Reputation: 1170
I want to scrape all links from a website that does not have pagination i.e., there's a 'LOAD MORE' button, but the URL does not change depending on how much data you've asked for.
When I BeautifulSoup
the page and ask for all the links, it simply displays the amount of links on the vanilla first page of the website.

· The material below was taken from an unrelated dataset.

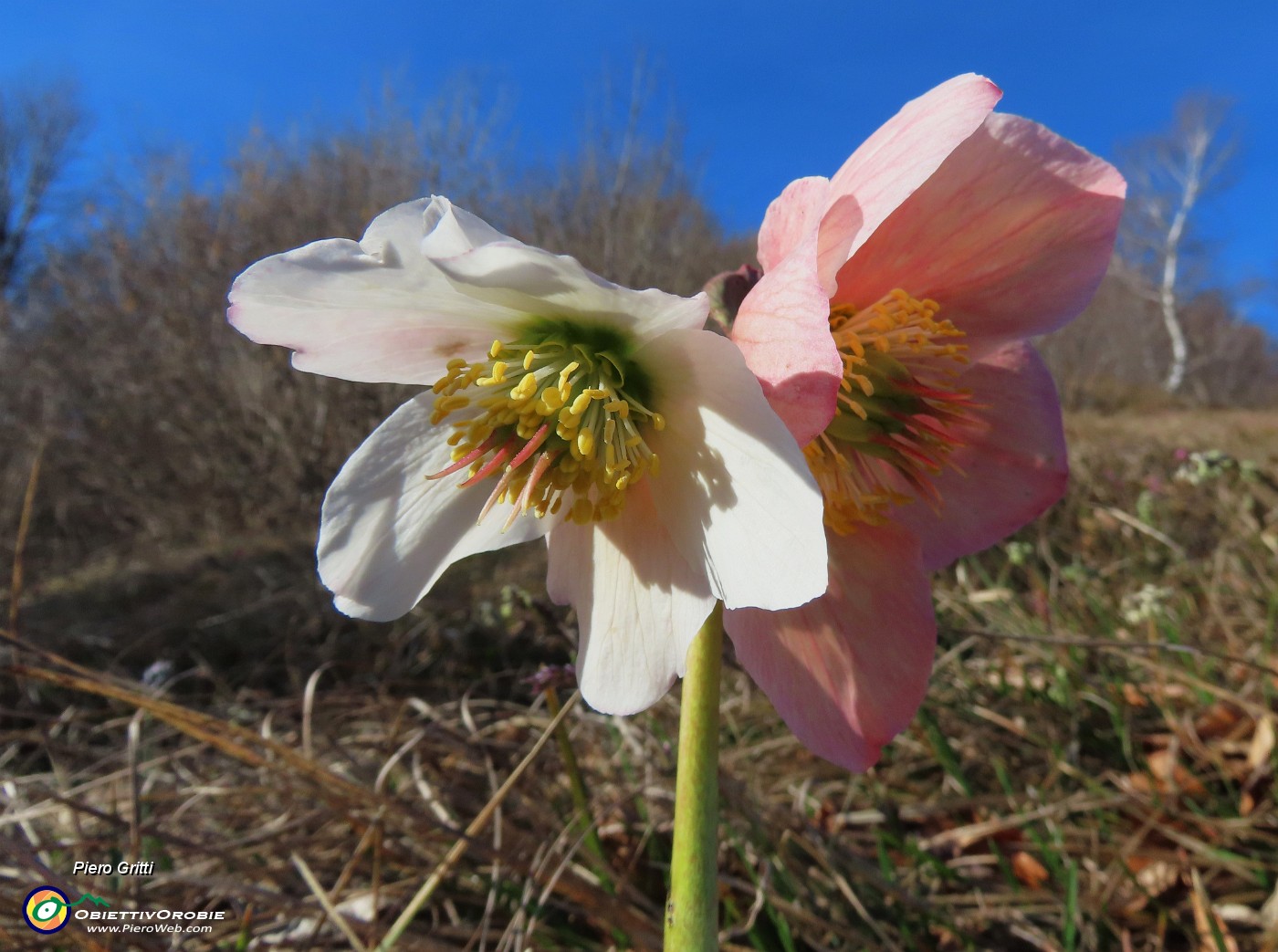 21 Helleborus niger (Elleboro) verso la fruttescenza.JPG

I can manually click through older content by clicking the 'LOAD MORE' button, but it there a way to do so programmatically?
This is what I mean:
page = urllib2.urlopen('http://www.thedailybeast.com/politics.html')

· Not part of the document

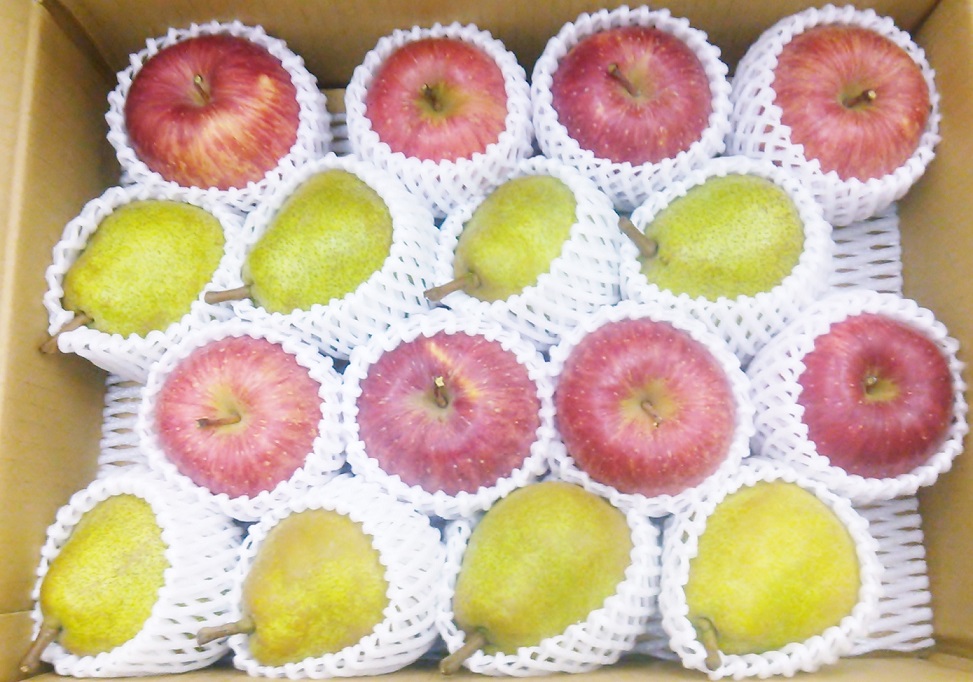 【10】山形のラフランスと無袋ふじりんご　5キロ　約16玉入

soup = soup = BeautifulSoup(page)
for link in soup.find_all('a'):
print link.get('href')
And unfortunately there's no URL that is responsible for pagination.
Upvotes: 1
Views: 2508
Reputation: 474061
When you click "Load More" button, there is an XHR request issued to the http://www.thedailybeast.com/politics.view.<page_number>.json
endpoint. You need to simulate that in your code and parse the JSON response. Working example using requests
:
import requests
with requests.Session() as session:
for page in range(1, 10):
print("Page number #%s" % page)
response = session.get("http://www.thedailybeast.com/politics.view.%s.json" % page)
data = response.json()
for article in data["stream"]:
print(article["title"])
Prints:
Page number #1
The Two Americas Behind Donald Trump and Bernie Sanders
...
Hillary Clinton’s Star-Studded NYC Bash: Katy Perry, Jamie Foxx, and More Toast the Candidate
Why Do These Republicans Hate Maya Angelou’s Post Office?
Page number #2
No, Joe Biden Is Not a Supreme Court Hypocrite
PC Hysteria Claims Another Professor
WHY BLACK CELEB ENDORSEMENTS MATTER MOST
...
Inside Trump’s Make Believe Presidential Addresses
...
Upvotes: 3